An exact, word-for-word copy of the entries is required, beginning at the line that contains "20260725_102534-0020.JPG" and ending at the last line, both included.
DATA EXTRACT Start Marker
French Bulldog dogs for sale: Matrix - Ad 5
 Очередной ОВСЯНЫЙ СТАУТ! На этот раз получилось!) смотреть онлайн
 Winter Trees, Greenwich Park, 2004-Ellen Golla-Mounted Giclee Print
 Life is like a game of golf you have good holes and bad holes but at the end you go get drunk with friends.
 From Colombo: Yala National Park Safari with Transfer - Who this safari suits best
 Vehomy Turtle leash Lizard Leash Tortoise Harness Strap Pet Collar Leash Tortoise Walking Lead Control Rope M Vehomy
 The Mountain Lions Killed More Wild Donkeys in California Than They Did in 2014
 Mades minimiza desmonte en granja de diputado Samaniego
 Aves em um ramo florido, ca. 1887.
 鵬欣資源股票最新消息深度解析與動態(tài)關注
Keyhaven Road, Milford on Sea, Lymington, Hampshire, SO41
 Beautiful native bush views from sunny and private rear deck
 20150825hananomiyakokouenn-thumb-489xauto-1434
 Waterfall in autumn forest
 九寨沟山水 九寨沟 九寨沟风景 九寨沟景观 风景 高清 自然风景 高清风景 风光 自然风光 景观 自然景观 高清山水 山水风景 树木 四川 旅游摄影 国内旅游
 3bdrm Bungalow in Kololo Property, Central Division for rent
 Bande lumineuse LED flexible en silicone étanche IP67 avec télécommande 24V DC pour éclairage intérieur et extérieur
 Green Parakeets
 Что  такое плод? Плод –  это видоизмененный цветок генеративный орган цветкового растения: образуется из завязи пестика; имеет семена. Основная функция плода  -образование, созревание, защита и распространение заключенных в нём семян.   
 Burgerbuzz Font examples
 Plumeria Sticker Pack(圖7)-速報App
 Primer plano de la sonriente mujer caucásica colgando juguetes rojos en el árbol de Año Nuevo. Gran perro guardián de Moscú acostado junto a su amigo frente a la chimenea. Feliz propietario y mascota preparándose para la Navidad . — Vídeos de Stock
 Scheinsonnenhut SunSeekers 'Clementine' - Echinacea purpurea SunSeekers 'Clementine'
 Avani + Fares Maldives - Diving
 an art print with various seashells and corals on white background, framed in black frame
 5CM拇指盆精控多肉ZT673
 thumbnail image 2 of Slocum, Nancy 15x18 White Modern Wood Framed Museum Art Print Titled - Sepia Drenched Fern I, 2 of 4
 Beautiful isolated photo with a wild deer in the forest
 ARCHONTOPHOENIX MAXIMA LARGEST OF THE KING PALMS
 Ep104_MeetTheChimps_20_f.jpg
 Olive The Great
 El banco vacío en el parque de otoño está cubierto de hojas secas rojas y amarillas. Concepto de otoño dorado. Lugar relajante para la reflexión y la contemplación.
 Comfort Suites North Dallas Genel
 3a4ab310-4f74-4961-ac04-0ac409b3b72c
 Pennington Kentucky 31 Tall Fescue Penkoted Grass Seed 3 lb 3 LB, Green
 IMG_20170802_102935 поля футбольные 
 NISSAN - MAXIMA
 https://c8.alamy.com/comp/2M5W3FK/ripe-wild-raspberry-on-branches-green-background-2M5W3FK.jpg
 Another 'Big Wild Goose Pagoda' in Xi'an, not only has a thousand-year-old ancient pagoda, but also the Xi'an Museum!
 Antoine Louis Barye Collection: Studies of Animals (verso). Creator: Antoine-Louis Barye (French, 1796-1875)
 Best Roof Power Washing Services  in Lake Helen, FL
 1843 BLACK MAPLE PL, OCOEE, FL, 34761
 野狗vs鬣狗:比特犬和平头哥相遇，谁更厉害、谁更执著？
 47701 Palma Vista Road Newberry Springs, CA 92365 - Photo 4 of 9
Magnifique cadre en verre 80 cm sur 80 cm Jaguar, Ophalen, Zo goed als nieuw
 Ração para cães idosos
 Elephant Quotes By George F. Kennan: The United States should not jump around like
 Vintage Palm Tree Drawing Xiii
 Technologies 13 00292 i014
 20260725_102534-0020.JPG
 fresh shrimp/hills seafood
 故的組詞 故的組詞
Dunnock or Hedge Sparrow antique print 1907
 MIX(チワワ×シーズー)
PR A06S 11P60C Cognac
DATA EXTRACT End Marker
_RESPONSE TO THIS EXERCISE_.
 20260725_102534-0020.JPG
 fresh shrimp/hills seafood
 故的組詞 故的組詞
Dunnock or Hedge Sparrow antique print 1907
 MIX(チワワ×シーズー)
PR A06S 11P60C Cognac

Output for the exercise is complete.